What ever the reason, that’s what brought them to class. Now is when their real martial arts education begins. The martial arts work on the mind, body, and spirit. When properly taught, they continually tie the three together.
I want to discuss why I expect all students to not only practice, but practice at 100%, and no less.
When I was a boy in the early ’60’s (that’s 1960’s) I started taking Kajukenbo from Mr. Walter Leo Niakala Godin. Mr. Godin would not let me join his school until my parents came and watched the class go through the normal two hour workout.

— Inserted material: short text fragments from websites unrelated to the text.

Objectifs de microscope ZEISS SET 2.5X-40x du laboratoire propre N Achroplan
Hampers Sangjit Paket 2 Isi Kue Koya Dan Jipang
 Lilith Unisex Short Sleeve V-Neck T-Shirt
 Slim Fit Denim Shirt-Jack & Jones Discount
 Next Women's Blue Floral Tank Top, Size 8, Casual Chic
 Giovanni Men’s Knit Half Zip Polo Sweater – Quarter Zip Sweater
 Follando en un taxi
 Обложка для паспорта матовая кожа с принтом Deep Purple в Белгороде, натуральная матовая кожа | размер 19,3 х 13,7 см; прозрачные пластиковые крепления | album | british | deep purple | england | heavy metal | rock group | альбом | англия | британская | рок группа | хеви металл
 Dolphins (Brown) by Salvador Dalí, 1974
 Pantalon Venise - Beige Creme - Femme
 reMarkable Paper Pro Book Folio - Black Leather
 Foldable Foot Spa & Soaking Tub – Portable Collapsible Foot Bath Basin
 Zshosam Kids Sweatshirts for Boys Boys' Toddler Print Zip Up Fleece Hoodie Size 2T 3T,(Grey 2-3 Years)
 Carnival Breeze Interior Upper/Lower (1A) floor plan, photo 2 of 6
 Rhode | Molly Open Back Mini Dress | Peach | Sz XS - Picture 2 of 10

He explained to us that this was harder than football practice and that you had to be dedicated to learn or you wouldn’t be able to stay with it.
We watched as the students had to stay in a horse position and do all their basic exercises for one hour. They worked out on a solid concrete floor that was very smooth, and the more they sweat the tighter they had to lock their legs to keep from sliding. At the end of the first hour the class was given a 10 minute break so they could mop their sweat from the floor prior to the second hour of practice. The second hour consisted of forms and techniques against all sorts of armed and unarmed attackers.
At the end of class, as Mr. Godin lined the students up and prepared to have them remove their belts and be dismissed, he suddenly and very loudly exclaimed “COVER” (get into a fighting stance). He then proceeded to attack the students and make his way through the ranks throwing controlled punches and kicks as he went along. Then he stopped, lined everyone up again, and finally dismissed the class.
I was impressed and got my mother to sign me up in this Kaimuki dojo located above a dry cleaners for $5.00 a month.
I didn’t understand it then, but as time went on I began to understand Mr. Godin’s philosophy. I teach it to my students now. Although all good martial artists always try to walk away from trouble, and as an individual it should be easy to do, you may not be alone when trouble strikes. You may have your spouse, a friend, or even a child or infant in your party and they may not be able to run as fast as you can. This is the moment you should have been training for. You must protect your loved ones! At this critical moment you don’t want to say to yourself “man I wish I had practiced harder”. You need to be cool and in charge or an innocent bystander could get hurt.
A person who races the mile doesn’t just practice a mile but runs perhaps 50 to 100 miles a week. Why? By practicing harder than the race distance, one can put even more energy into that mile race.
You should practice harder than you think you can, and NOT just for yourself, but to help others.